Floods drown hope in Pakistan’s impoverished Punjab villages

Author Avatar

NDOLOVU

Joined: Sep 2017

OKARA – The coursing floods in eastern Pakistan first swallowed Nasreen Bibi’s corn crop, then the cattle that fed on it, and finally her family home.

They retreated to the roof to escape the rising water, before fleeing for their lives by boat.

“We didn’t bring any of our belongings with us, everything we own is abandoned back there,” said Bibi, who guesses her age in the 30s, from a relief camp inside a school in Mandi Ahmedabad, a village in eastern Punjab province.

“There is nothing left back home,” she said, wiping away tears in a tent she shares with three young daughters.

“Fear plays on my children’s minds.”

Swaths of Pakistan’s breadbasket were inundated this month, with at least 130,000 people evacuated, after the Sutlej river burst its banks and spilled over hundreds of villages and thousands of acres.

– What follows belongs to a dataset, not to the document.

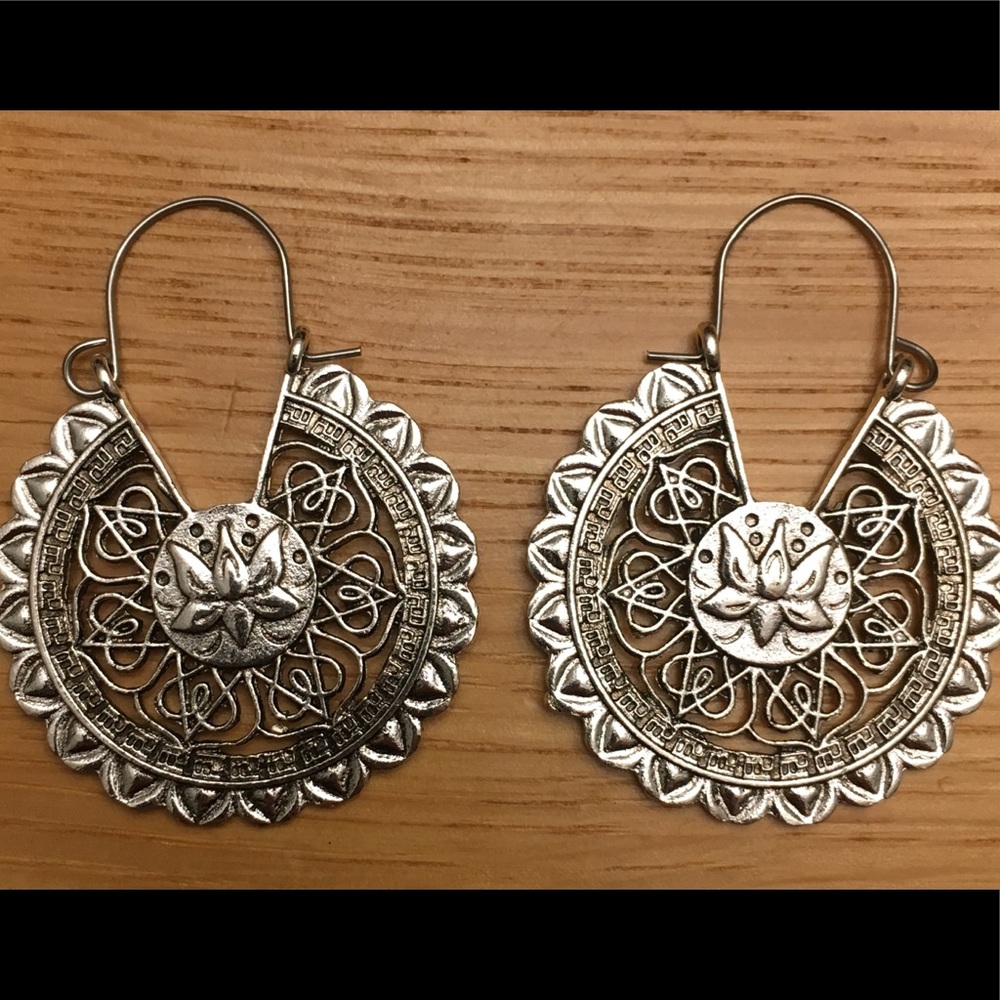 🌸 2/$24 “Isla” Lotus Earrings 🌸 - Picture 2 of 5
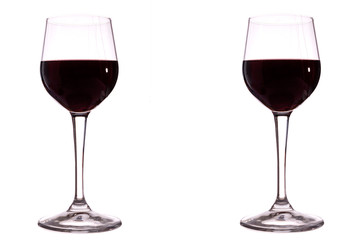 Bicchieri di vino rosso sfondo bianco puro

The head of Punjab’s government, Mohsin Naqvi, said the flooding was caused by India releasing excess reservoir water into the Sutlej river, causing flooding downstream on the Pakistani side of the border.

With the water slowly receding, a ramshackle armada of 40 boats makes twice-daily food and aid deliveries to 80 water-bound villages where men perch on roofs guarding sodden possessions.

The floodwaters are still some 2.4 metres deep, and the boats skim past the tops of waterlogged corn stalks blanched by the sun.

A family’s financial security depends on agriculture in this largely impoverished corner of Pakistan.

Mud houses lie in ruins, with tumbled walls pooled in stagnant water, in Falak De Bheni, a village of 100 homes surrounded by drowned fields of sesame and rice.

“I don’t want to plant a crop here next year, my heart can’t bear it,” Muhammad Tufail, 38, said as he stood at his ruined door surveying the damage.

“I don’t even know how much money I spent, how many troubles I went through, to plant these crops. But the flood has left nothing in its wake.”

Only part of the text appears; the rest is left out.